Records for the exercise: Begin

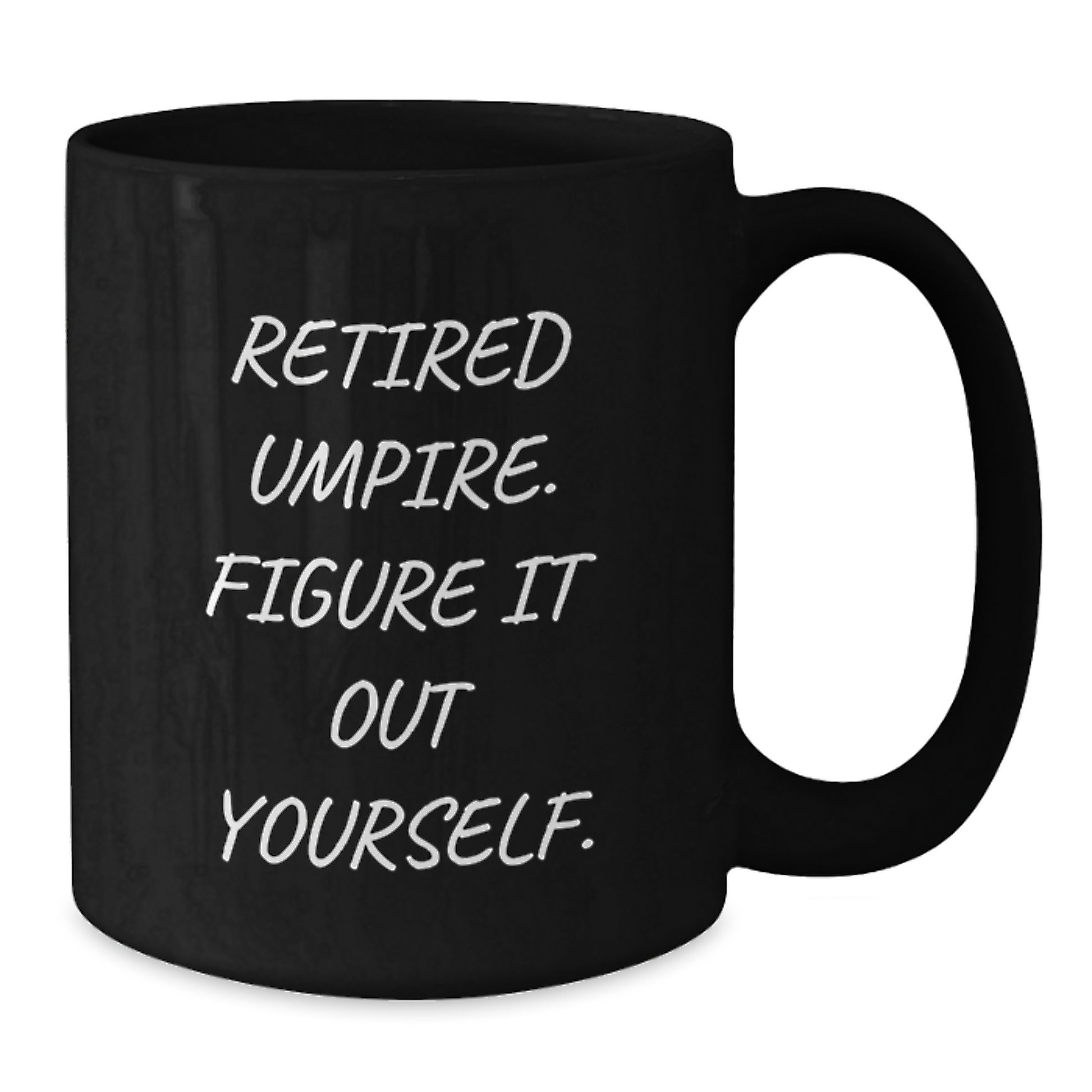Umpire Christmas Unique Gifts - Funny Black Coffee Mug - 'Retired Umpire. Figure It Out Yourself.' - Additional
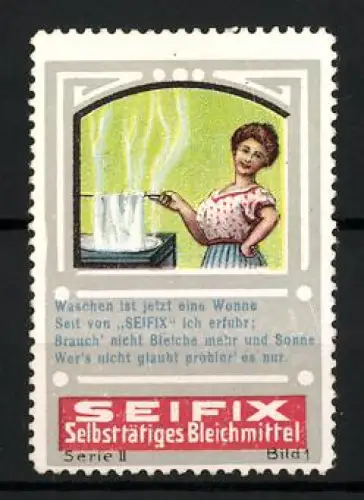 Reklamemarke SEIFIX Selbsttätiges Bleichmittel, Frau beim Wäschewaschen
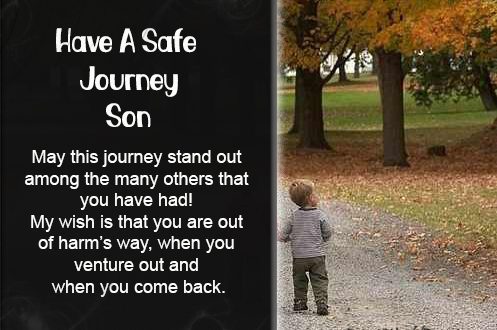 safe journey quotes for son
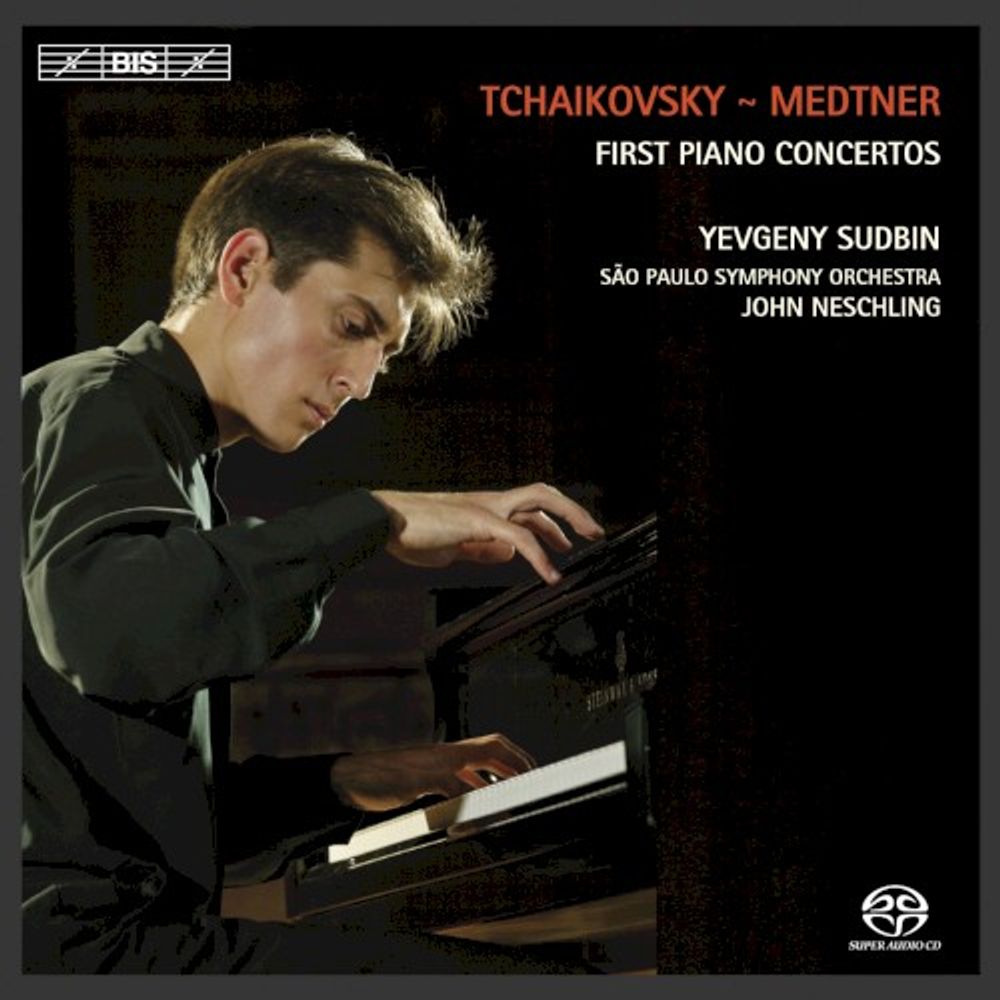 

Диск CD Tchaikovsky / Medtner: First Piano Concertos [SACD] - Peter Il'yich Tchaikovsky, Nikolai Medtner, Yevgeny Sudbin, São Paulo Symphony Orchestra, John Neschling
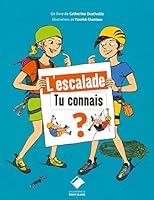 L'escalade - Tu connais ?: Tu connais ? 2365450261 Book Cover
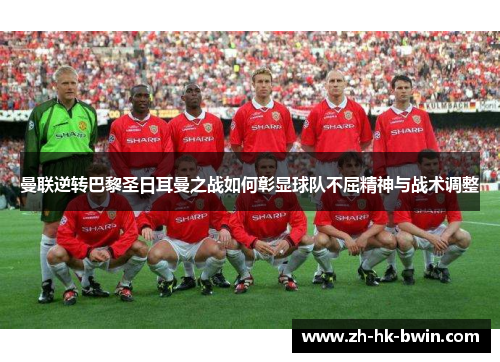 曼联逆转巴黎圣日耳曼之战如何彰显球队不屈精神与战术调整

Records for the exercise: End

Your task: With the pictures set aside, return each line of the listing exactly as given.

Exercise output:
Umpire Christmas Unique Gifts - Funny Black Coffee Mug - 'Retired Umpire. Figure It Out Yourself.' - Additional
 Reklamemarke SEIFIX Selbsttätiges Bleichmittel, Frau beim Wäschewaschen
 safe journey quotes for son

Диск CD Tchaikovsky / Medtner: First Piano Concertos [SACD] - Peter Il'yich Tchaikovsky, Nikolai Medtner, Yevgeny Sudbin, São Paulo Symphony Orchestra, John Neschling
 L'escalade - Tu connais ?: Tu connais ? 2365450261 Book Cover
 曼联逆转巴黎圣日耳曼之战如何彰显球队不屈精神与战术调整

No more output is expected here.